Wu! And…Whew! Great news. I’ve got this primal fear of non-existence, so it’s comforting to know that the something of this universe is founded on nothing. The seeming emptiness of the void, says Stenger, is the source of everything. Chown writes:
Something came from nothing, he [Stenger] says, because something is more stable than nothing. In the beginning, there was the void, governed by the laws of the void, but the void changed into something more structured—rearranged nothing, if you like—just like featureless water changing into crystalline ice because at low temperatures ice is more stable than water.
It’s nice to know that something is more stable than nothing. Hopefully this means that the something I am now won’t revert to a formless blob of nothingness after death. But if it does, the good news is that I won’t be around to worry about it.
What I find most inspiring about Stenger’s yet-to-be-published book is that science has found absolute no trace—nada, zilch, nicht—of God in the universe. This is the conclusion I’ve come to also, albeit from a more mystical perspective.
After thousands of years of people meditating, contemplating, praying, and otherwise searching for some demonstrable sign of God’s presence, the result is total absence. Zero verifiable evidence has been put on the religious table. All we have are subjective claims, not objective facts.
As Stenger says, this is just what you would expect if God does not exist. It is also just what you would expect if there were a reality beyond the physical that does not interact with materiality other than through the laws of nature.
Either way, religious worship is a crock. Almost certainly divinity never has, nor ever will be, found outwardly in a person, book, icon, or holy place. If it is to be found at all, it will be inwardly—in the depths of the unfathomable mystery that manifests as life, consciousness, existence.

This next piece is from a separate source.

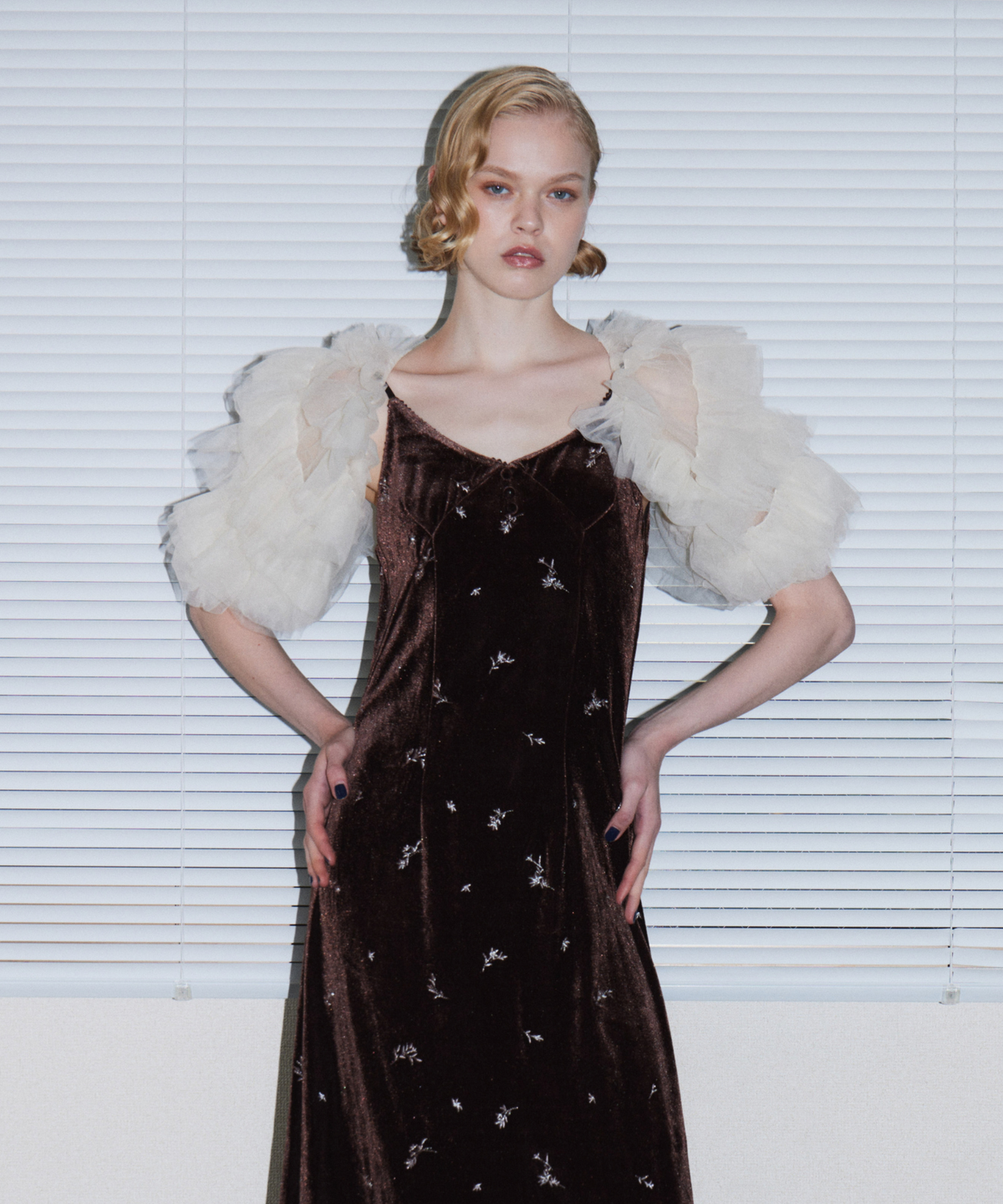 MIXING FRILLS BOLERO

Nothing is what we find when we look within. After thirty-five years of meditation I can testify to that. Yet this nothing may, repeat, may, be akin to, if not identical with, ultimate reality.
Such is the ageless message of great mystics. And it is entirely compatible with the message of the new physics. There’s no God out there. Perhaps, though, there is in here.
Take a browse around Victor Stenger’s website. I like his style. It’s refreshing to find a Professor Emeritus of Physics and Astronomy who also is an adjunct philosophy professor.